## Problem
Your answer must hold only the lines below from the line containing "Зубная паста Miradent" through the line containing "vidaXL Lit de", each reproduced exactly.

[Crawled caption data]
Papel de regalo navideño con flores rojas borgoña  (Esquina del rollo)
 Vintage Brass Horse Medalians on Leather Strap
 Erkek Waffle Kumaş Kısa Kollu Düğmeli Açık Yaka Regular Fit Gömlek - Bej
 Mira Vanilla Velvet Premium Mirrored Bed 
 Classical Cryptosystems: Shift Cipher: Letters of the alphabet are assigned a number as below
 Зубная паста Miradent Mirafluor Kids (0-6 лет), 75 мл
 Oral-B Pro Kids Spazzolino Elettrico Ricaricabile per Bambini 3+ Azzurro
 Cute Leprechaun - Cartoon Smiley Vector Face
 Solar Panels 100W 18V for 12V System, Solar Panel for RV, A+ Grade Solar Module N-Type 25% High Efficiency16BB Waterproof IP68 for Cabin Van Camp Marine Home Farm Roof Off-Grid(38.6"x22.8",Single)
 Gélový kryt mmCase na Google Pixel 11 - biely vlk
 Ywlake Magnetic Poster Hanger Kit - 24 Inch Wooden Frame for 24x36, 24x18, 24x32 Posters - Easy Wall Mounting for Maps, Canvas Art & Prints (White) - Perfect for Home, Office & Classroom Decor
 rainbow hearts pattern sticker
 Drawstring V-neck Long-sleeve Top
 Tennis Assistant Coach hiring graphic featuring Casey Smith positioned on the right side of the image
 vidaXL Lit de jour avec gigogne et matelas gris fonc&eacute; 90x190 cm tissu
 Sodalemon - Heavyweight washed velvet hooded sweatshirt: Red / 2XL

## Solution
 Зубная паста Miradent Mirafluor Kids (0-6 лет), 75 мл
 Oral-B Pro Kids Spazzolino Elettrico Ricaricabile per Bambini 3+ Azzurro
 Cute Leprechaun - Cartoon Smiley Vector Face
 Solar Panels 100W 18V for 12V System, Solar Panel for RV, A+ Grade Solar Module N-Type 25% High Efficiency16BB Waterproof IP68 for Cabin Van Camp Marine Home Farm Roof Off-Grid(38.6"x22.8",Single)
 Gélový kryt mmCase na Google Pixel 11 - biely vlk
 Ywlake Magnetic Poster Hanger Kit - 24 Inch Wooden Frame for 24x36, 24x18, 24x32 Posters - Easy Wall Mounting for Maps, Canvas Art & Prints (White) - Perfect for Home, Office & Classroom Decor
 rainbow hearts pattern sticker
 Drawstring V-neck Long-sleeve Top
 Tennis Assistant Coach hiring graphic featuring Casey Smith positioned on the right side of the image
 vidaXL Lit de jour avec gigogne et matelas gris fonc&eacute; 90x190 cm tissu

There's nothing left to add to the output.